• **EXTRACTED MATERIAL**

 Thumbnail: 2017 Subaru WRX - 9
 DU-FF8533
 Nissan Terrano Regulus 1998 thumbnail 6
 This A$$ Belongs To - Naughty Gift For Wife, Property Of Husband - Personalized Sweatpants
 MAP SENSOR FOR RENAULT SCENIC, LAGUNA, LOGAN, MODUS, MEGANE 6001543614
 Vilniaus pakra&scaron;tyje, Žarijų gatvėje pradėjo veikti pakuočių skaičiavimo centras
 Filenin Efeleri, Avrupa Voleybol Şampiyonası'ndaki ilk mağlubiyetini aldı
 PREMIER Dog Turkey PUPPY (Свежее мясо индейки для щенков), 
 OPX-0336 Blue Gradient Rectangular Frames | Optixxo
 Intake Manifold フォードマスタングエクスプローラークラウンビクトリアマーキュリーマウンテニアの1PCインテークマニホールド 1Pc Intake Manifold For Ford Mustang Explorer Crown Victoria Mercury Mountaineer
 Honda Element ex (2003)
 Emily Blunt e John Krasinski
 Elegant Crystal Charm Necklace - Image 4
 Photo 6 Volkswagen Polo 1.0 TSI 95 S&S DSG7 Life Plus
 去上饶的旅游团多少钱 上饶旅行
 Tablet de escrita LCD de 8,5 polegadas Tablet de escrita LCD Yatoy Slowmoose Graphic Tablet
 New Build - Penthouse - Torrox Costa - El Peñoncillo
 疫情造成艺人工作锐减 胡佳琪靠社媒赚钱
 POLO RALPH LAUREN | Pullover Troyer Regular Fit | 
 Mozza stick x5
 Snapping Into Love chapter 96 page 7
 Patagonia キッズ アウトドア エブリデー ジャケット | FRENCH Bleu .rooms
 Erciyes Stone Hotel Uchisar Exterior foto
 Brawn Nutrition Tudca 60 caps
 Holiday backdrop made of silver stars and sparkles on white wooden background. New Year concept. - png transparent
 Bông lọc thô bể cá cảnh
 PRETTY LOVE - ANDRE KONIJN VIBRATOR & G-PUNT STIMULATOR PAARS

• **PROBLEM DESCRIPTION**
What is needed is a word-for-word restatement of every line from the one with "Patagonia キッズ アウトドア" to the end of the entries above.

• **COMPLETED EXERCISE**
 Patagonia キッズ アウトドア エブリデー ジャケット | FRENCH Bleu .rooms
 Erciyes Stone Hotel Uchisar Exterior foto
 Brawn Nutrition Tudca 60 caps
 Holiday backdrop made of silver stars and sparkles on white wooden background. New Year concept. - png transparent
 Bông lọc thô bể cá cảnh
 PRETTY LOVE - ANDRE KONIJN VIBRATOR & G-PUNT STIMULATOR PAARS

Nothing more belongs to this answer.